The combustion of biomass like Miscanthus giganteus is considered to be almost carbon dioxide neutral. The carbon dioxide produced in the combustion process has been fixed by photosynthesis during the growth of the plants [1]. Miscanthus is one of the energy crops that shows substantial potential for sustainable energy production [2]. Miscanthus can be used as a fuel in combustion plants [3] but also the production of bio-fuels from miscanthus is investigated [4]. However, in a recent study, it was concluded that, for power generation from miscanthus biomass, the most favorable way is combustion [5].
Besides the mentioned potential, the use of miscanthus in Europe is low and the cultivation area is even decreasing because production costs for miscanthus are presently too high to compete commercially with fossil fuels as a source of energy [5]. At present, about 20,000 ha of miscanthus are commercially grown in the EU, with approximately half of it in the UK [5]. The main production areas for miscanthus in Austria are located in Upper Austria and Lower Austria [6]. The dry biomass yield depends on the soil quality and meteorological parameters, especially water supply and temperature. In Austria, on good soil, the yield is in the range of 15–22 t dry mass per hectare [7].
In the combustion of miscanthus, the inorganic constituents remain as ash. The typical total ash content of miscanthus is in the range of 2.0% to 3.5% [8,9,10]. In grate-fired combustion systems, the coarser ash is discharged as bottom ash while the finer ash fraction leaves the combustion zone with the off-gas as fly ash. Because of the low ash melting temperature, which is strongly correlated with the potassium and chloride content of the ash, the combustion temperature is kept as low as possible [11].

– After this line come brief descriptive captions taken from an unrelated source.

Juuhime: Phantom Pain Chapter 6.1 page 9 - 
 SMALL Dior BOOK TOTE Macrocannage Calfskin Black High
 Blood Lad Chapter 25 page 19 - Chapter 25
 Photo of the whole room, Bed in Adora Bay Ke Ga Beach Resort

In many countries, the ash from the combustion of chemically untreated biomass is utilized as a soil conditioner on agricultural land and forests. However, country-specific limit concentrations for heavy metals have to be observed [12,13,14]. The recycling of biomass ashes to the soil where the biomass was grown is proposed to help to close the cycles of the plant nutrients P, K, Ca, and Mg [15]. In a recent study, the positive effect of biomass ash on the chemical properties of the soil and the yield of miscanthus has been demonstrated [16].
Another use of biomass ash has been suggested recently [17]. In this study, the finest fraction from wood combustion fly ash was separated by classification to produce a potassium-rich material (K2O > 35%) for the production of potassium fertilizer.

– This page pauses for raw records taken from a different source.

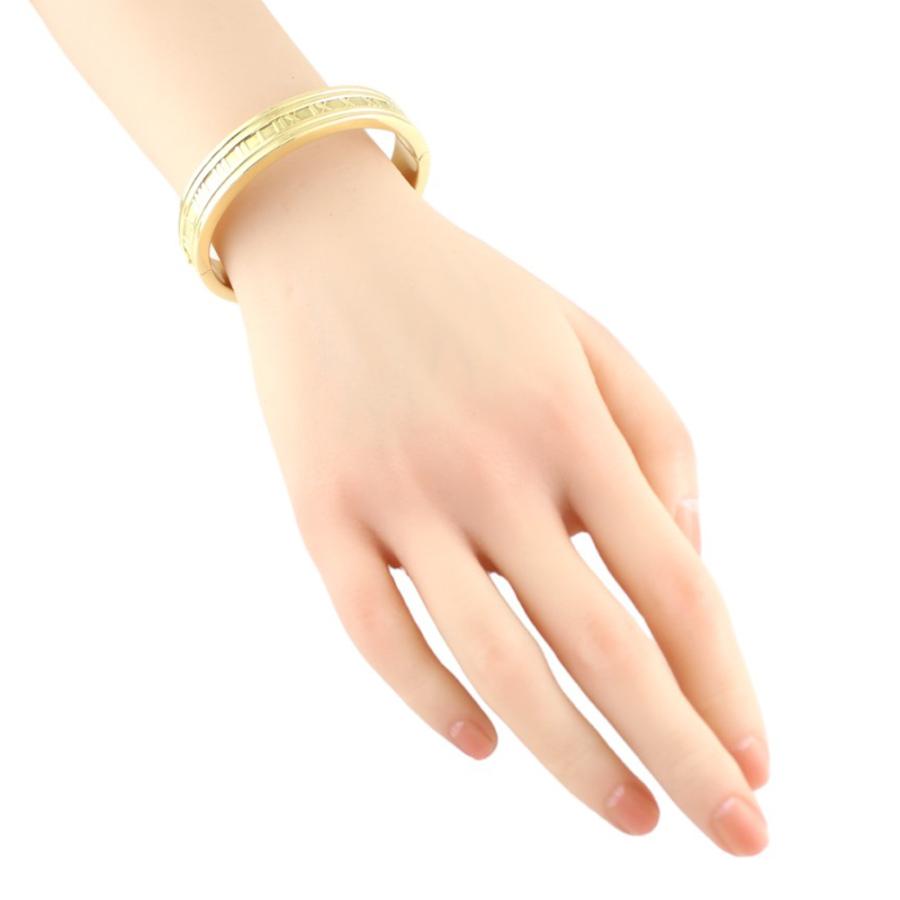 TIFFANY&Co.（ティファニー） アトラス バングル 18金 K18イエロー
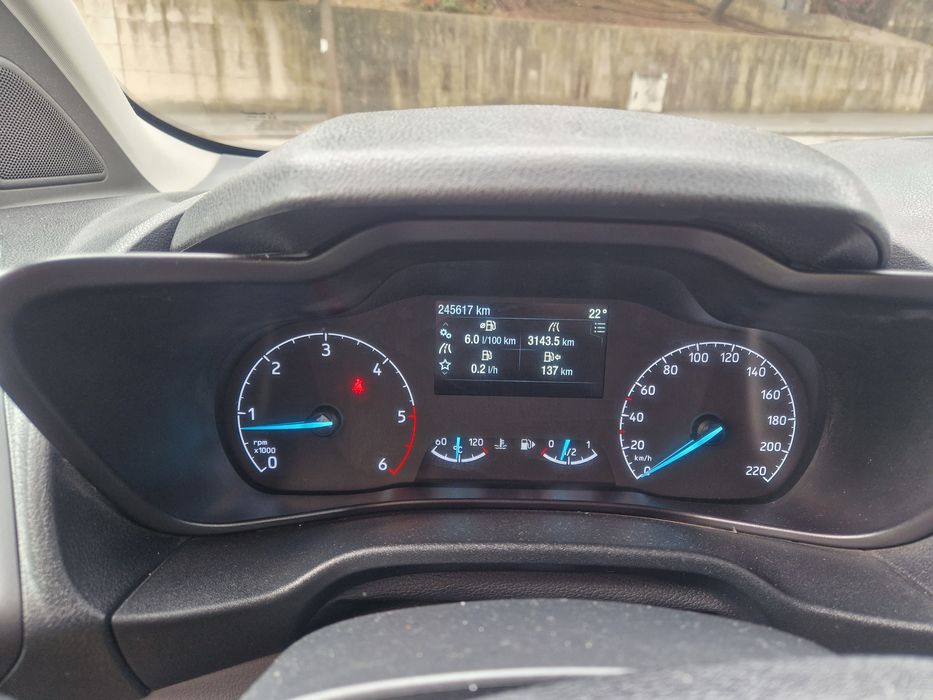 Ford Transit Connect  L2 longa 120cv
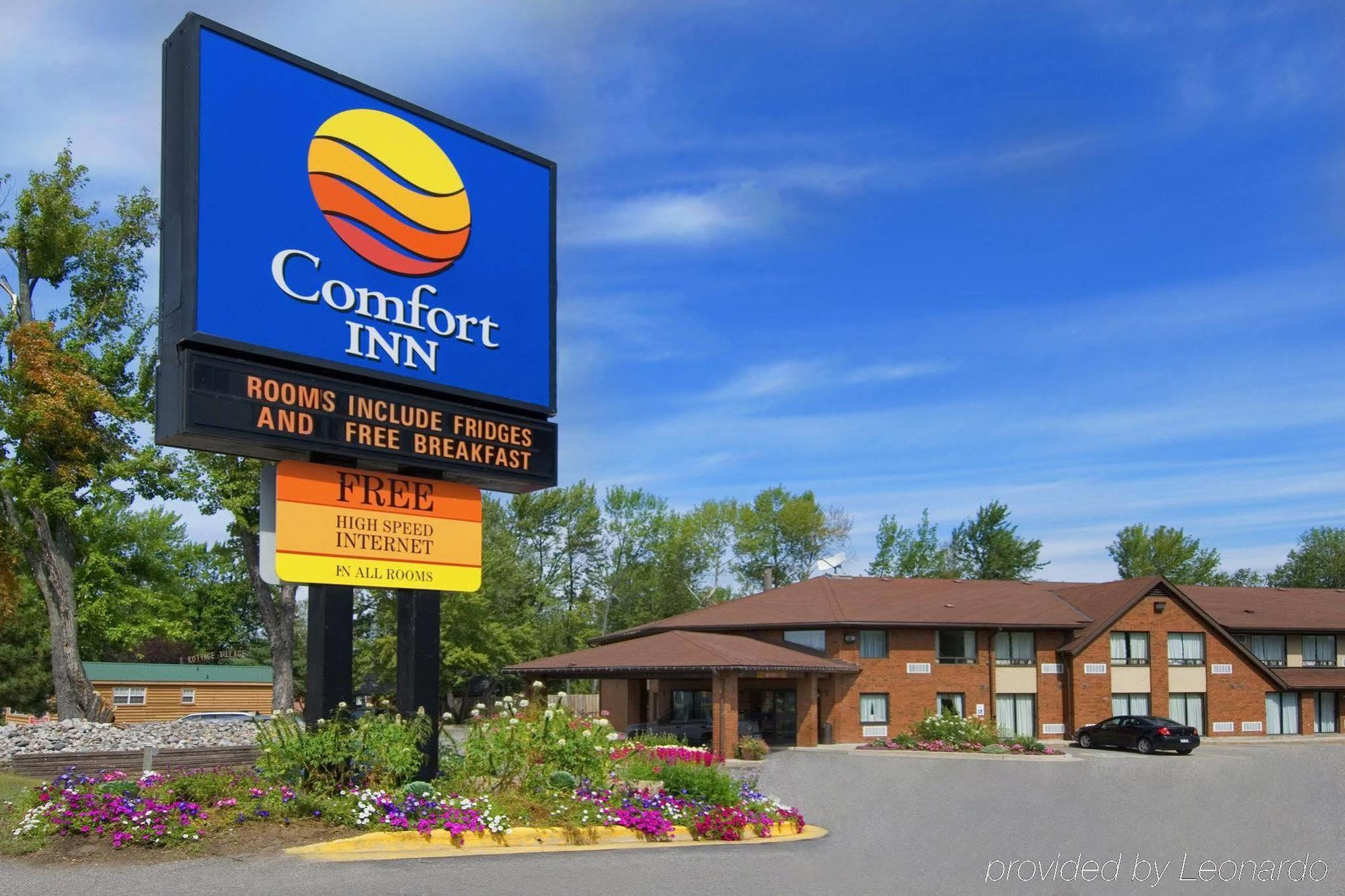 Comfort Inn Lakeshore North Bay Dış mekan fotoğraf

In the literature, little data is available on the chemical composition of ash from the combustion of miscanthus. In two studies, the data were obtained from ash samples produced by combustion of small samples of miscanthus in a muffle furnace at 550 °C for 3 h and at 400 °C for 8 h [8,9]. A third study reported the ash content of miscanthus plants and the concentration data for some components in miscanthus plants [18]. From this data, the expected content of the components in the ash can be calculated. In a recent study, ash composition data from an industrial scale combustion plant were reported [19]. No data was found in the literature for the variations of the composition of ash from the combustion of miscanthus by particle size.
For fly ash from wood combustion enrichment of potassium and some heavy metals in the finest ash fractions has been reported [20,21]. This enrichment can be explained by volatilization and re-condensation of these components during combustion and re-cooling of the off-gas. Thereby, volatile elements are enriched in the finer size fractions due to the higher specific surface area of these size fractions. If the utilization of the miscanthus ash in fertilizer production is intended, enrichment of K in the fine fraction would be beneficial because this would allow production of a highly concentrated fraction by classification. In contrast, when the ash is used as a soil conditioner, an increased concentration of heavy metals in the finest fractions is disadvantageous because the finest fractions might be dispersed partly into the atmosphere, especially when the ash is not agglomerated before spreading.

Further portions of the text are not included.